Comment by Randolph L. Schrader on June 14, 2010 at 10:40am
I have tried to keep what little bit of sanity that I have but I guess its not to be. The loss of my wife 15 months ago, my step-father 6 months ago, a close uncle 5 months ago, 3 aunts and uncles dying as I speak, and now, my unborn great grandson will probably be terminated due to a major problem. How full does ones plate have to get before we completely lose it? I see no possible way to ever get over the sadness and lonliness. Hugs to all. Hugs are good.
Comment by kathleen caylor on June 14, 2010 at 7:47am
Dixie,Thanks for your input.I was starting to feel guilty about not being morbidly sad.Don't get me wrong,I still have some down times but I feel more grateful than sad.Some people here are so new to this awful situation we've been put in,to watch them in their grief is so painful for me.I know,they will have to struggle to find their sanity and make sense out of what has happened in their lives.Through this site and the good people here I've managed to survive with some sort of dignity.Otherwise I'd be a babbling id--t.(It won't let me Write Idi-t)

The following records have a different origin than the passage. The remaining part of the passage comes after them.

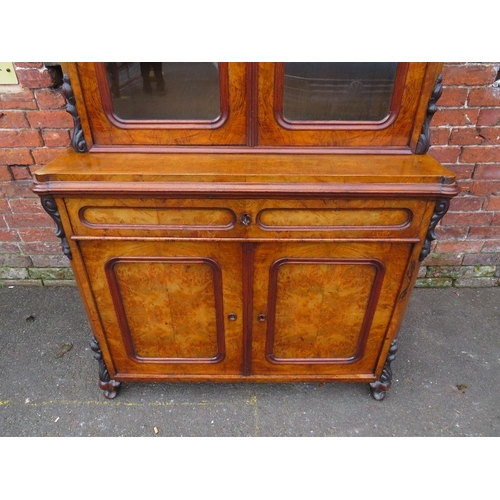 587 - A 19TH CENTURY WALNUT GLAZED BOOKCASE, the upper section with twin glazed doors and carved moulded d... 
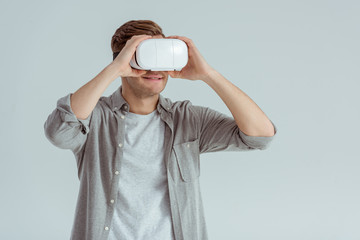 smiling man wearing virtual reality headset isolated on grey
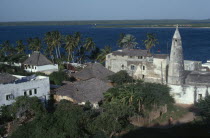 Town rooftops and sea beyond.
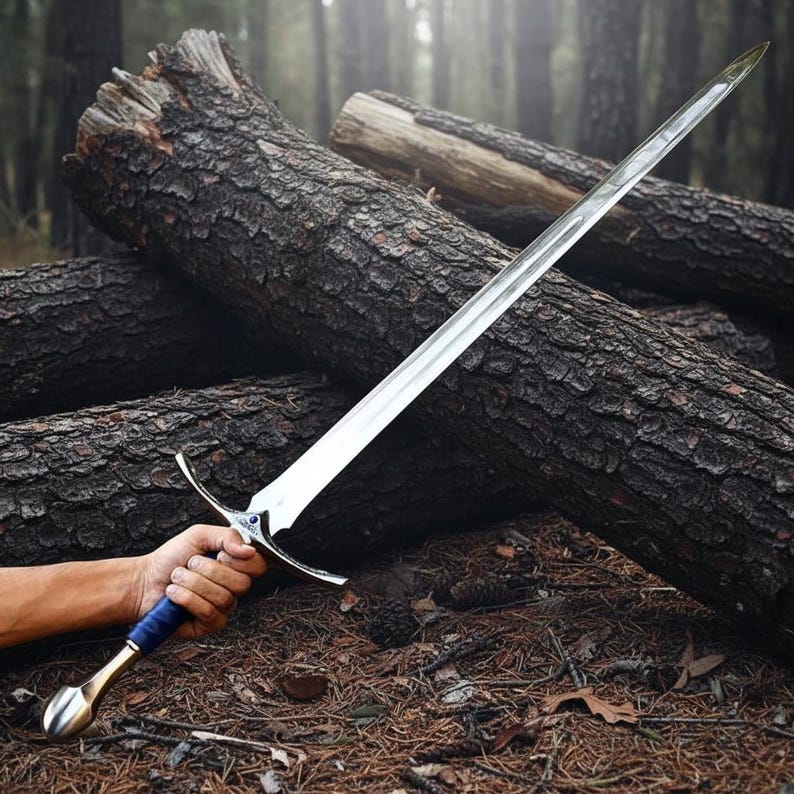 May include: A long, double-edged steel sword featuring a pointed blade, a silver-toned crossguard with a small blue circular inlay, and a dark blue wrapped handle ending in a smooth, rounded metallic pommel with a polished finish.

Comment by Virginia on June 14, 2010 at 2:49am
Peg I'm so sorry I know it's rough, and children are so insightfull,they sense when things are not right God Bless, and good luck on Wed. and Friday. Virginia
Comment by Dixie Olson on June 13, 2010 at 10:58pm
Its been five years since my huband died, I have to tell you all that with time it does get better, each of us will handle our grief differantly the pain will remain but it will help you heal. We have all been to the same place where we didnt want to go on
the only thing that i can say that's got me thru these past five years is my faith. Im sorry for each of your loss, your in my prayers!One foot in front of the other each day, take care
Comment by Peg Otley on June 13, 2010 at 10:42pm
Today was the 6 mo. anniversary of Harry's death. I have been devastated all day long. I know my children were having a rough time too. Some days I am good and others are just like it just happened and today was one of those days. Even our 3 yr. old twin kept repeating I miss Pappy. My son heard him so many times that HE started crying and Andrew looked at him, wiped the tears from his daddys face kissed him and took my son's face and buried it in his little chest and said don't cry daddy!!! What would we do without them!??? Dear Lord give me strength to get through my procedure on Wed. and a good answer on a 2nd opinion on a transplant on Fri.